Another of the mysterious creatures of equatorial Africa is the monstrous Nguma-monene, which is described to the natives as a great snake, but with accessories for snakes rather unusual, serrated bone-like combs on the back. The forked tongue of the snakes is said to leave its mouth.
The translation of the indigenous name of Nguma-monene, or another indigenous name of Lingala, means “big boa or boa constrictor.”
Although Nguma-monene is described as a great snake, it is uncertain whether this is a snake, since the creature has always been It is quite possible that it is a large lizard or an unknown species of living dinosaur.
Nguma-monene is described in much the same way as the other cryptid Mbielu mbielu-mbiel, which is also sporadically observed in the Republic of Congo. It is quite likely that it is the same kind of creature. The size of the observed individuals is estimated to be from 40 to 60 m. Its observation is concentrated in the Congolese region of Dongou-Mataba and the Ubanga River. For those interested in the expedition, it is 250 km northwest of Dongou village, or 35 km from Impfondo village.
In 1961, Sister Michela Zabata, the first UN secretary, saw this creature. At work, she spotted a large mysterious animal 15 meters ahead in the river. She shouted the other natives and watched the gigantic creature in astonishment for over thirty minutes. Together they reported to the authorities a description of the animal.
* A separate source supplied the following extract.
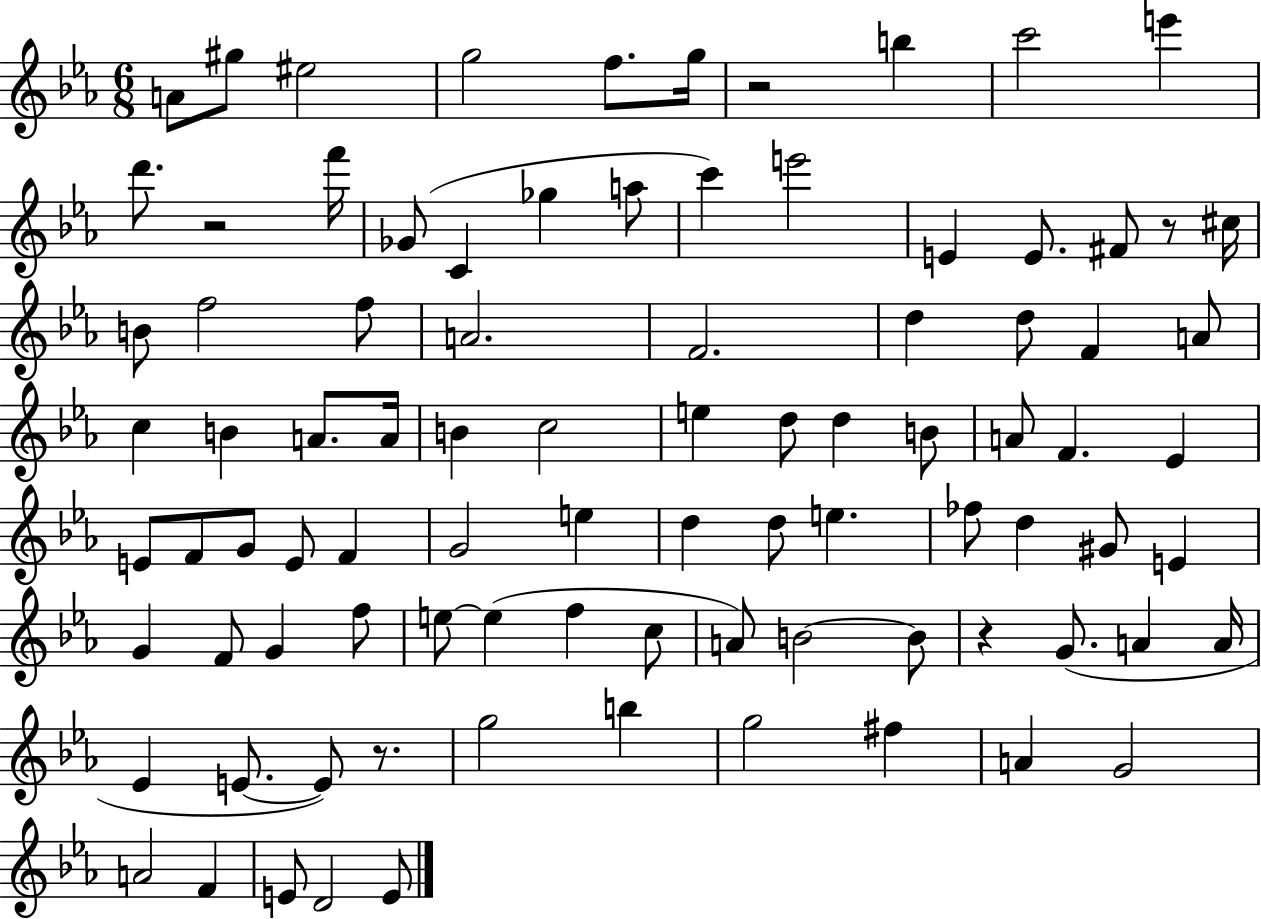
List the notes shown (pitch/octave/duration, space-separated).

A4/e G#5/e EIS5/h G5/h F5/e. G5/s R/h B5/q C6/h E6/q D6/e. R/h F6/s Gb4/e C4/q Gb5/q A5/e C6/q E6/h E4/q E4/e. F#4/e R/e C#5/s B4/e F5/h F5/e A4/h. F4/h. D5/q D5/e F4/q A4/e C5/q B4/q A4/e. A4/s B4/q C5/h E5/q D5/e D5/q B4/e A4/e F4/q. Eb4/q E4/e F4/e G4/e E4/e F4/q G4/h E5/q D5/q D5/e E5/q. FES5/e D5/q G#4/e E4/q G4/q F4/e G4/q F5/e E5/e E5/q F5/q C5/e A4/e B4/h B4/e R/q G4/e. A4/q A4/s Eb4/q E4/e. E4/e R/e. G5/h B5/q G5/h F#5/q A4/q G4/h A4/h F4/q E4/e D4/h E4/e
In November 1971, local pastor Joseph Ellis Gets saw a twenty-meter-sized beast on the Mataba River. According to his information, the river was over sixty meters wide at the point of observation. His description of the creature totally coincided with the previous mass observation.
In consultation with the natives, he found that they knew the animal, but they were afraid to talk about it, for they would have called for misfortune.
I don’t know about you, but I am intrigued and I want it found!
Two testimonials of sightings of Nguma-monene exist that were done near the Dongu-Mataba (tributary of the Ubangi River) in the Republic of the Congo. The first was done in 1961; the second ten years later in 1971 by pastor Joseph Ellis. He estimated the length of the (visible) tailpart as 10 meters long (equal to his dugout, no neck or head could be seen), and a diameter of 0.5 to 1 meter. Its color was tending to greyish-brown. When back in the village, it appeared that the subject was taboo. The above and other sightings were gathered by University of Chicago biologist Roy P. Mackal, who led two expeditions to the Likouala swamps in the Republic of Congo, while searching for the Mokele-mbembe
If only I was wealthy and in good shape… you would find me out there hunting this creature and all his fantastic fellow monsters.